On to the iPad mini, it has… all of the same things. No, really. It shares the processor, screen resolution, battery life, and styling with its larger sibling. Differences here can be summed up in one word, size. It seems that Apple doesn’t want people looking down on the mini because it is slower, or has less clarity in the display than the Air. Which, they shouldn’t. The resolution is exactly the same as the Air, but since it is in a 7.9 inch display the clarity is actually higher and touches on the same numbers as the iPhone has had since the iPhone 4 with 326 pixels per inch. They aren’t lying when they say content consumption is gorgeous on these little devices.
So, which should you get?
There isn’t a clear winner here, at least not in the sense of one being considerably better than another. If you plan to do a lot of typing on the virtual keyboard, the Air may be your best bet with more screen real estate to work with. If you aren’t planning to write a novella on it. I would say go for the mini and either save $100 or get the 32GB model for the same price as the 16GB iPad Air.
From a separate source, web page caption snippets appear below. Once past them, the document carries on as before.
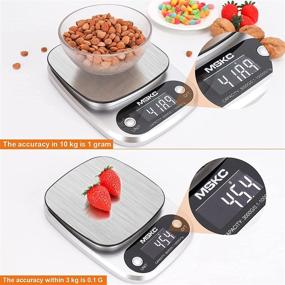 img 1 attached to 🍳 Digital Food Kitchen Scale for Cooking, Baking, Coffee, Keto - Weighs in Grams and Ounces, Electric Meal Prep Scale, Maximum 22lb/10kg Capacity, Precise 0.1g/0.1oz Accuracy - Compact Balanza de cocina, Mini Mail Packages Shipping Scale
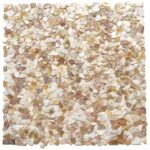 Cream and beige mosaic tile with a glossy, textured surface.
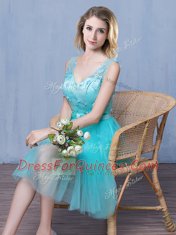 Most Popular Aqua Blue V-neck Lace Up Lace and Appliques and Bowknot Quinceanera Dama Dress Sleeveless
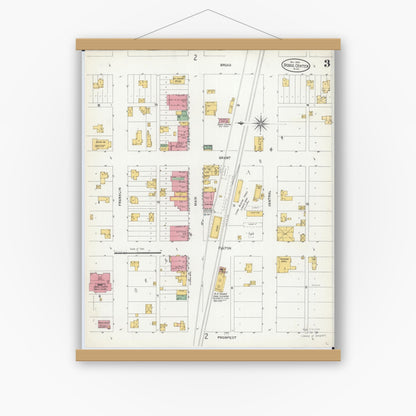 Old map wall art mockup — magnetic wood frame on white wall — Sanborn Fire Insurance Map from Dodge Center, Dodge County, Minnesota (1904), Sheet #0003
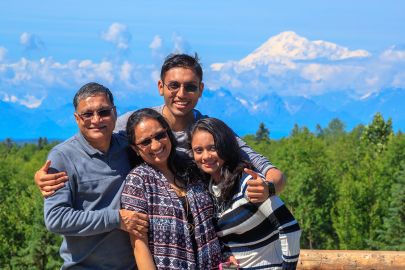 While in Talkeetna with Denali in the background on a family tour.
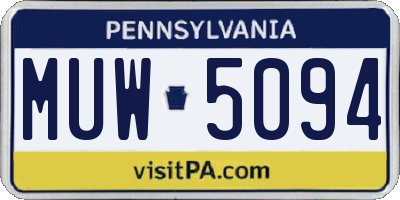 PA license plate MUW5094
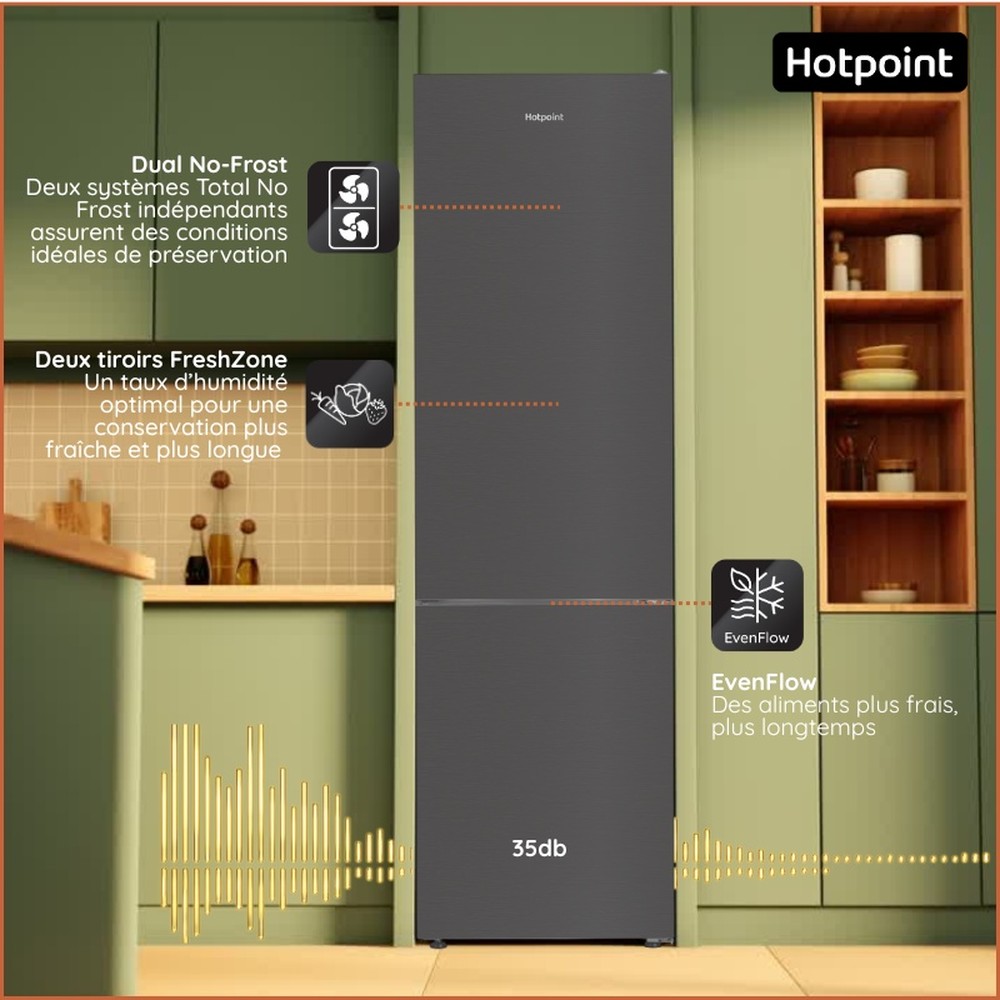 Hotpoint Combiné Pose-libre HPK 25403 XBR6E Pet Inox 2 portes Lifestyle detail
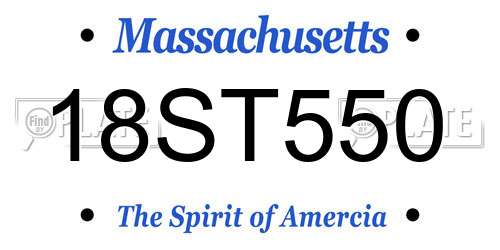 18ST550 Massachusetts License Plate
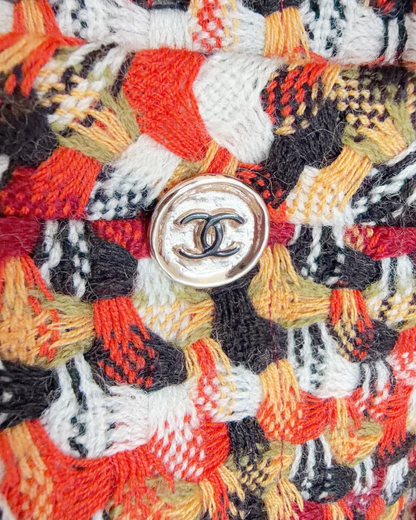 Chanel 23A Tweed Jacket Orange, Red, Black, Multicolor FR 38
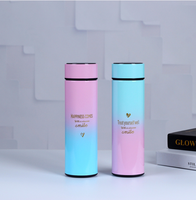 Nuevo producto Sensor personalizado Pantalla LED Temperatura Taza termo inteligente con soporte para teléfono móvil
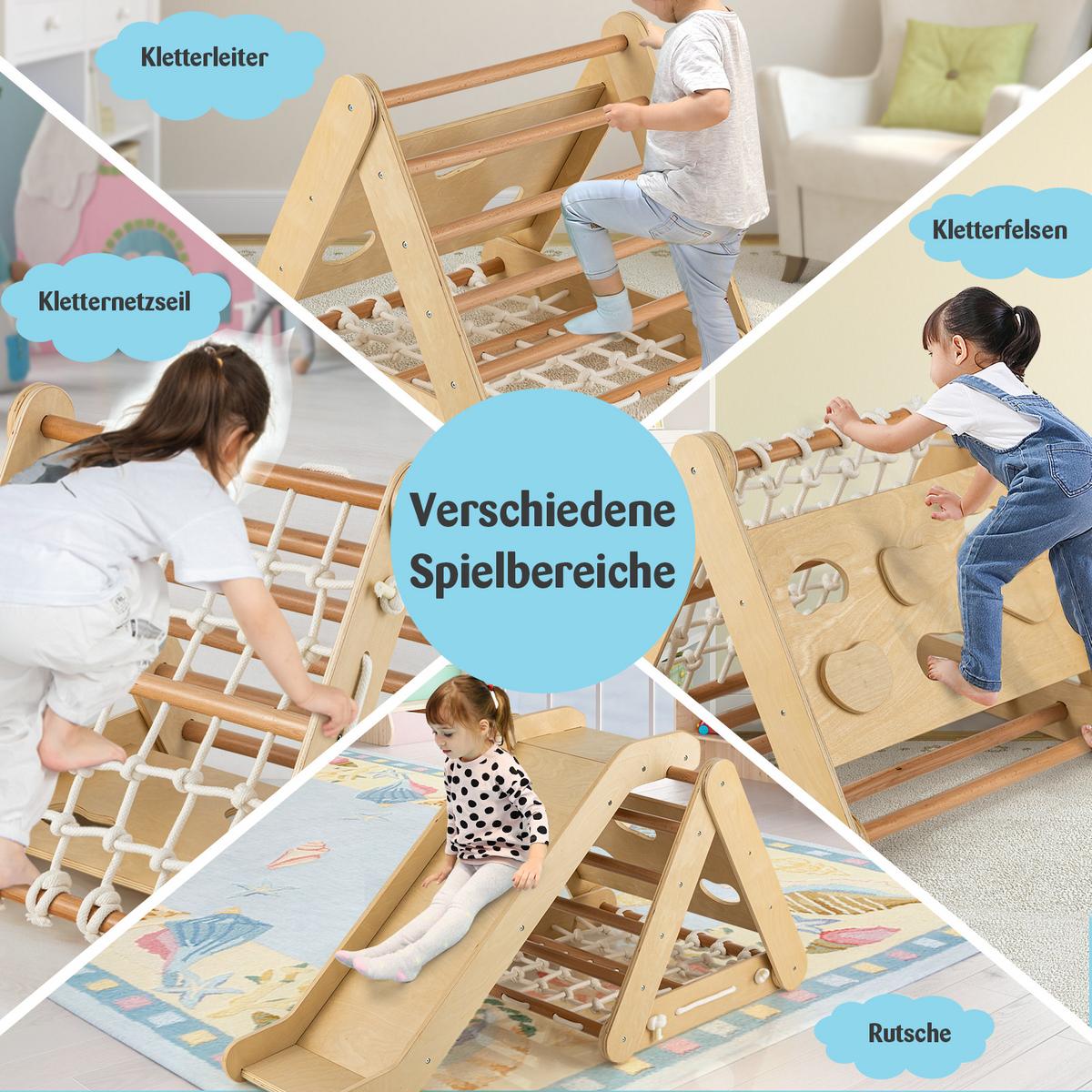 KLETTERDREIECK 4 in 1 Holz - Naturfarben, Holz (64/58/63cm) - COSTWAY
Additionally, I do not recommend the Cellular+Wifi versions to most people because, most people don’t need it. It’s an added expense for them and it winds up laying dormant. If you know you need it, get it. If you’re on the fence, think long and hard about that extra $130 and tying yourself to a carrier, not by contract but by the fact that each iPad can only work on the carrier you choose when you purchase. That and the fact that most phones can broadcast a hotspot should make it very easy to live without it on your iPad.